Amid the mounting tensions in Kabul, nine people were killed at Kabul Serena Hotel in downtown Kabul, in an armed attack carried out by Afghan teenagers. Among the dead were four foreigners, one Swede, one Briton and two Canadians. The attack is a chilling reminder of the post Ides of March violence in Afghanistan, in the throes of the new cold war between the United States and resurgent Russia. Many political commentators view this attack as a desperate attempt by those with vested interests to influence the outcome of the Afghan presidential race.
This deadly attack was a cowardly but nevertheless successful attempt to scare away the foreign election monitors. The assailants killed two Canadian developmental activists and respected Afghan AFP reporter Sardar Ahmad, his wife and one of their two children. A journalist from Sweden was also killed in what is being termed as a brazen attack on civilians to strike terror in the hearts of the populace and send an unequivocal message to the international community.

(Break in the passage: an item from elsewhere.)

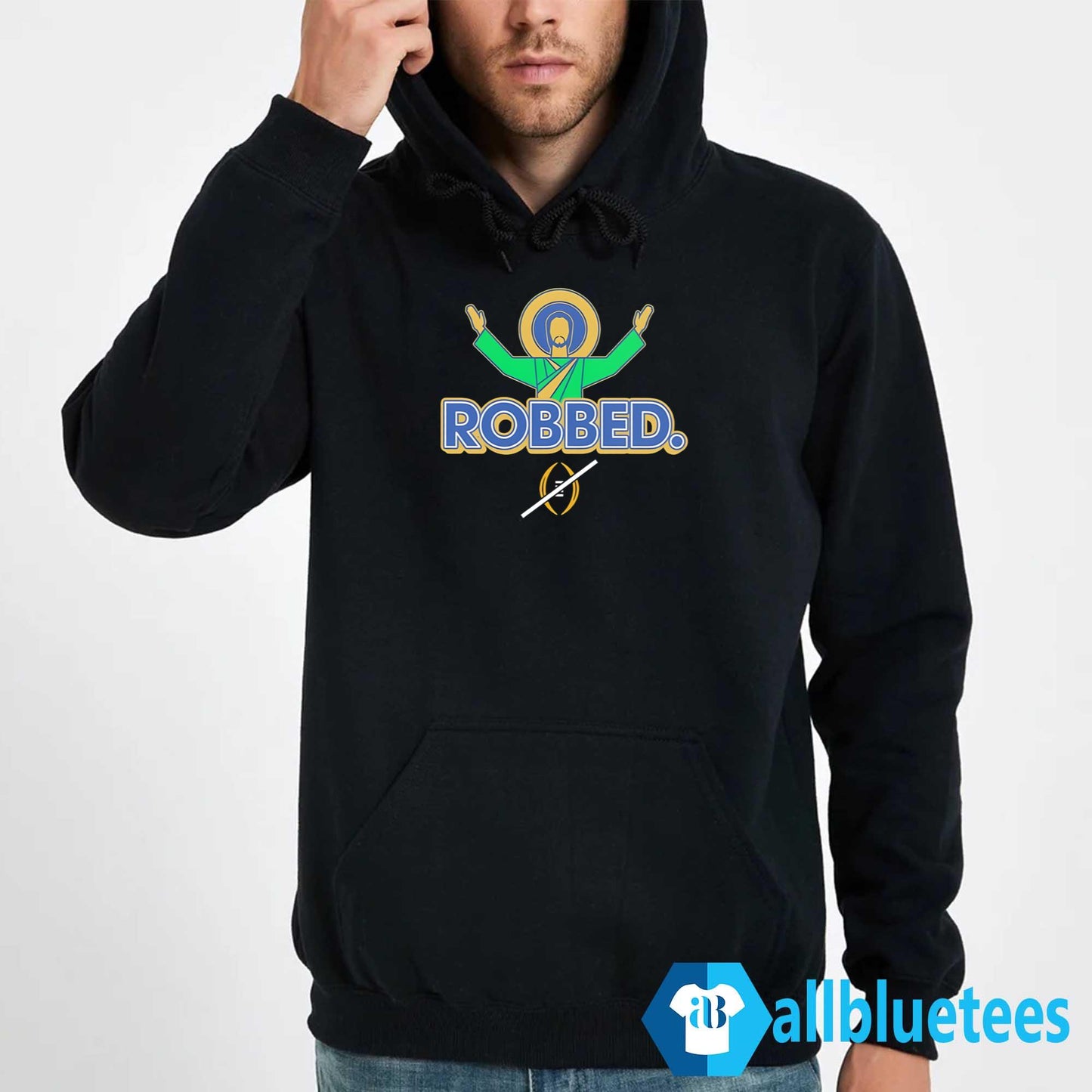 Notre Dame Robbed Shirt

Karzai’s administration, as per tradition, cites the presence of foreign hands in the deadly attack and is pointing his finger in the direction of Inter Services Intelligence (ISI), the master spy agency of the Pakistani army. The latest attack is a trademark ISI move, which is linked to the attack carried out against the Indian Embassy in Kabul in 2008.
There are 12 days left before the historic Afghanistan presidential election, which may prove to be a major milestone as the American ISAF and NATO troops are to withdraw from the region by the end of 2014. The most likely outcome may be a reincarnation of a Taliban state, a scenario that haunts the Obama administration.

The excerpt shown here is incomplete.